6. Is There Real Value Beneath the Hype?
Despite Morgan Stanley’s warning, not everything in AI is smoke and mirrors. There’s genuine innovation happening across multiple sectors:
- Healthcare: AI is transforming diagnostics, predictive analytics, and personalized medicine.
- Finance: Fraud detection, algorithmic trading, and risk analysis are becoming smarter and faster.
- Enterprise software: AI automates workflows and enhances customer experience.
- Logistics: Machine learning optimizes supply chains and delivery routes.
These applications create measurable value. They improve efficiency, reduce costs, and generate long-term impact.
The problem arises when every startup claims to be “AI-powered” without a clear revenue model or product differentiation.
This is where fractional CTOs again play a vital role. They help startups separate real AI capability from buzzwords. A seasoned fractional CTO ensures technology decisions are driven by value, not vanity metrics.
So yes — real value exists beneath the hype, but it’s buried under layers of inflated marketing and speculative investment.
7. How Investors and Startups Can Protect Themselves
Both investors and founders need to approach the AI market with caution and strategy.
For investors:
- Look beyond growth metrics. Focus on profitability and customer retention.
- Demand transparency in revenue sources.

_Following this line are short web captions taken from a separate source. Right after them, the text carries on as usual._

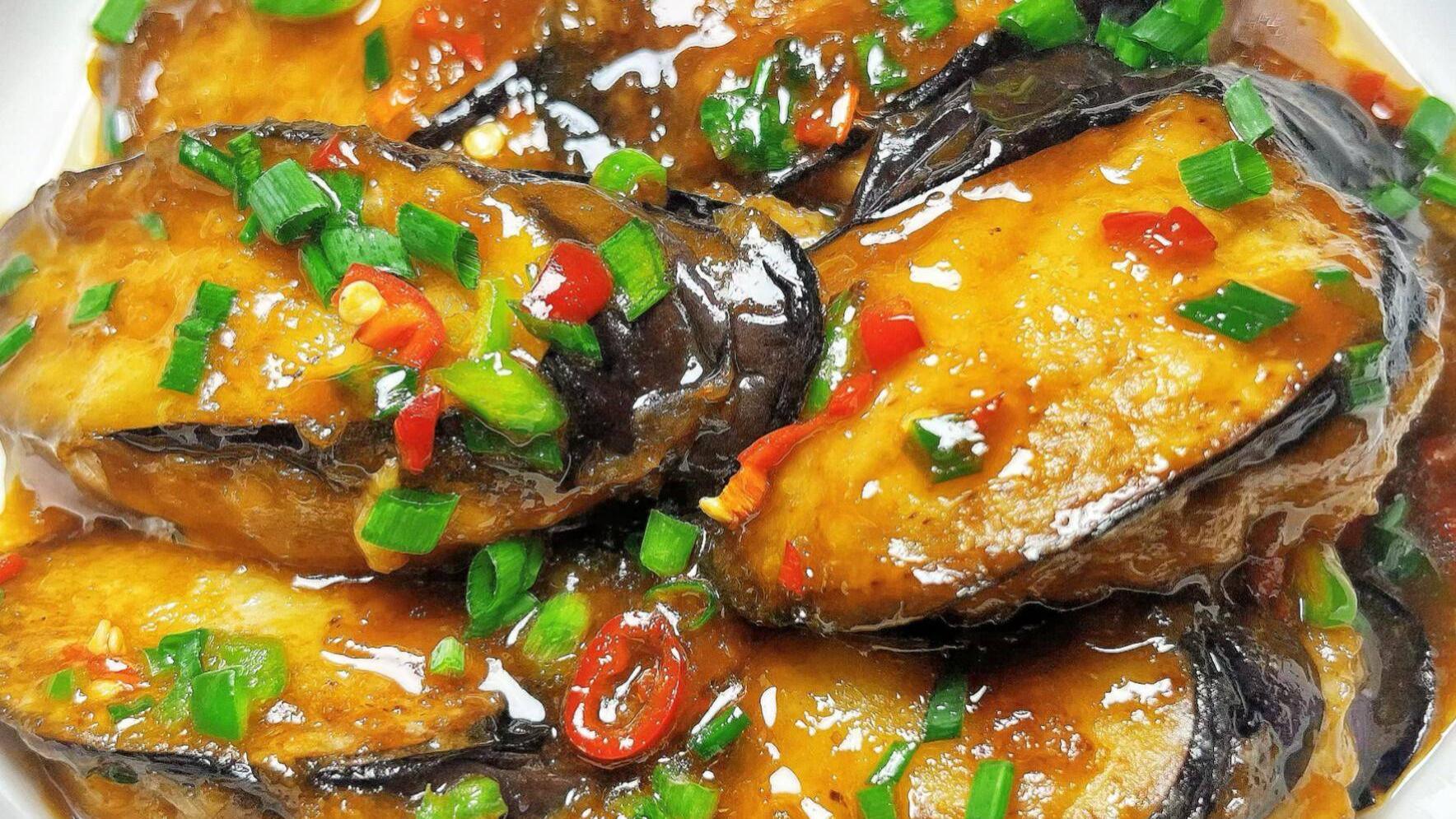 肉沫酿茄子：厨房里的温柔“陷阱”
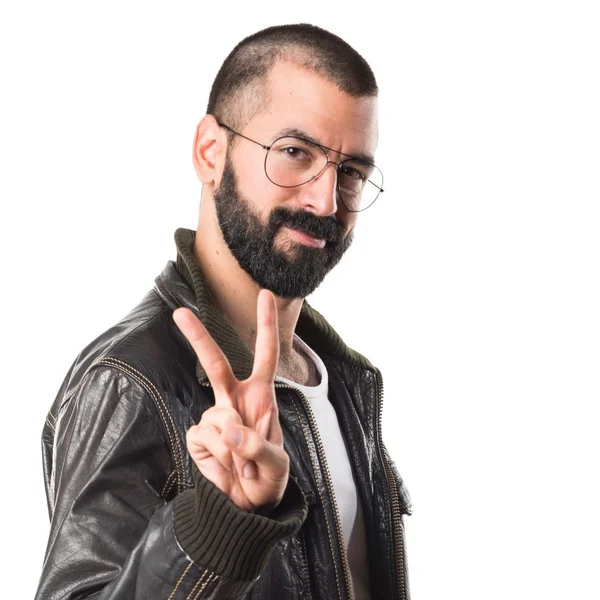 Man wearing a leather jacket doing victory gesture — Stock Photo, Image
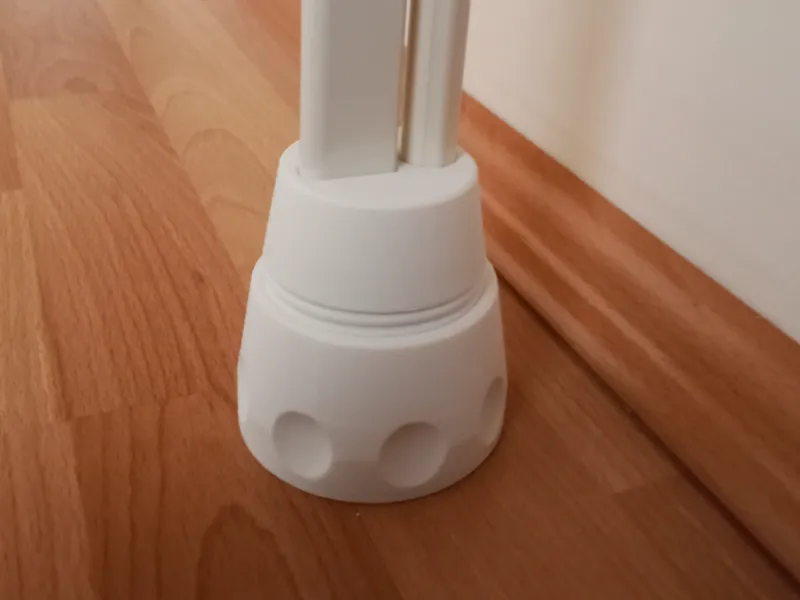 رجل طاولة إيكيا الأوسط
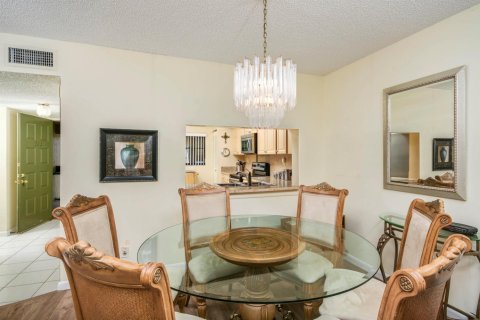 Condominio en venta en Palm Beach Gardens, Florida, 2 dormitorios, 115.66 m2 № 2400860 - foto 6
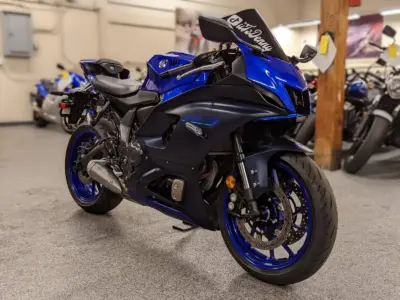 2022 YAMAHA R7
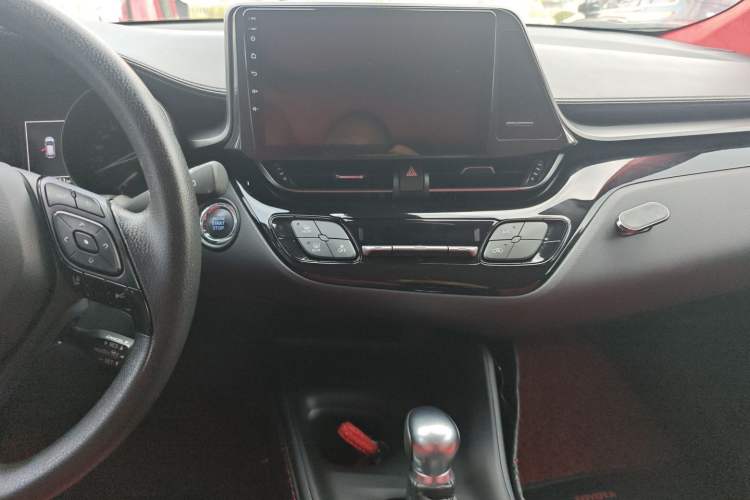 Used Toyota C-HR 2020 2.0L Comfort Edition Audio And AC Panel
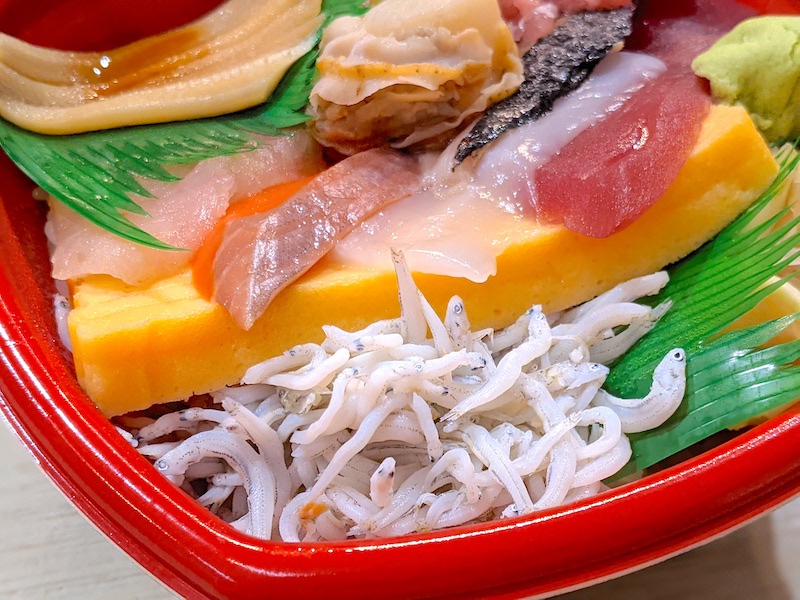 【海鮮丼】普段頼んでいる丼丸を見せ合う日【サーモンネギトロ丼】 | オモコロブロス!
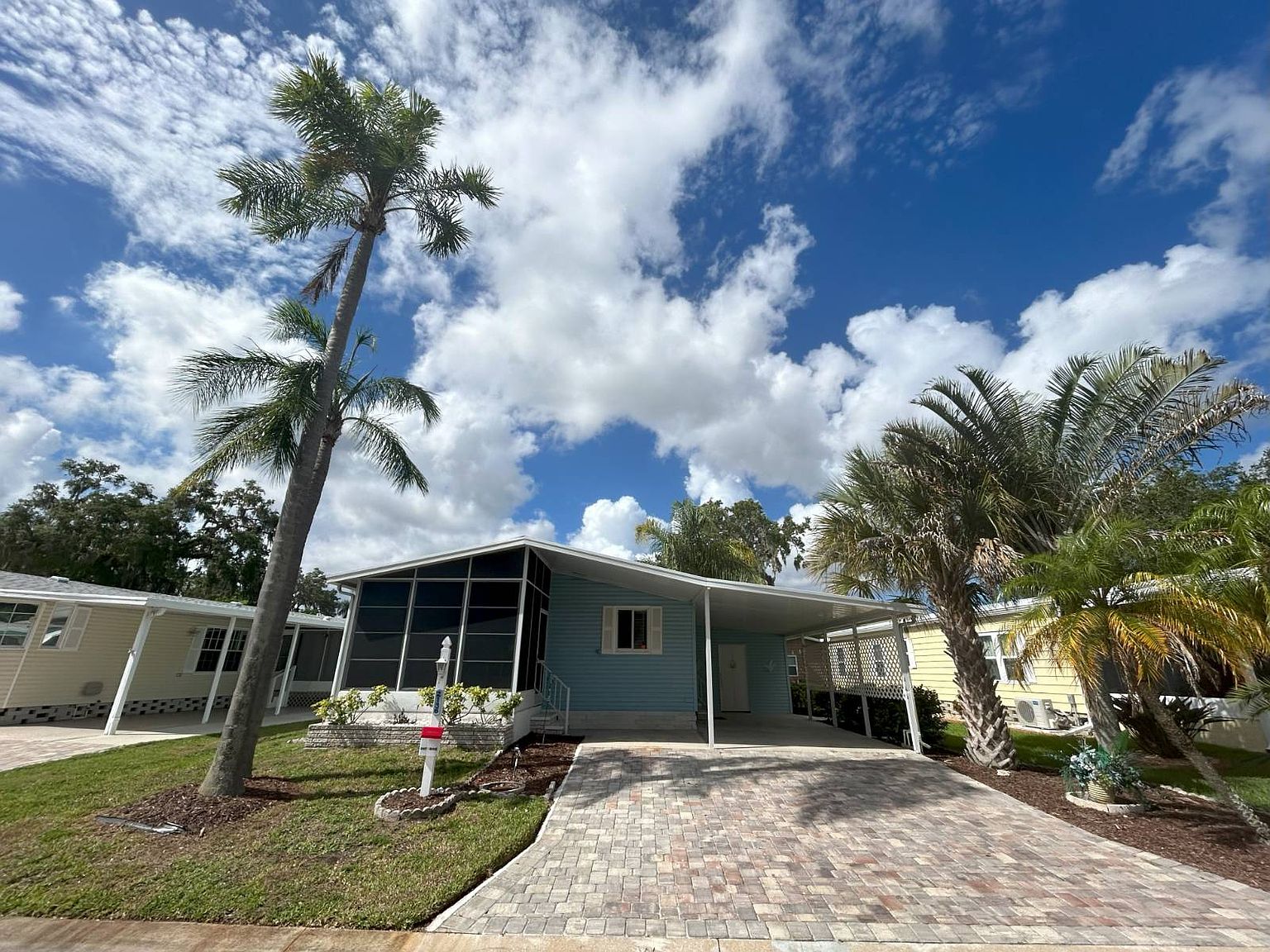 「覗くモノ」 2136 Bavington Dr, Las Vegas, NV 89108 | Zillow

- Avoid companies with unclear or recycled AI models.
- Partner with experienced tech advisors or fractional CTOs to assess technology viability.
For startups:
- Build real products that solve real problems.
- Prioritize sustainable revenue over quick valuation spikes.
- Be transparent about data sources, model training, and costs.
- Foster long-term partnerships, not short-term transactional ones.
Sustainable AI growth depends on trust, accountability, and measurable value. Those who prioritize these elements will weather any downturn.
8. Conclusion: Preparing for AI’s Next Phase
Morgan Stanley’s warning is not a doomsday prophecy — it’s a reality check. The AI boom is filled with opportunity, but also with risk.
Circular deals, inflated valuations, and investor hype can make the industry look stronger than it is. When the hype fades, only those who have built genuine value will stand tall.
To survive and thrive, both investors and founders must focus on fundamentals — real customers, real revenue, and real innovation.
AI isn’t just another tech fad; it’s a transformative force. But without caution and structure, it can spiral into another bubble.
As the StartupHakk community often emphasizes, sustainable growth comes from authenticity, innovation, and purpose — not speculation. The future of AI depends on who learns that lesson before the music stops.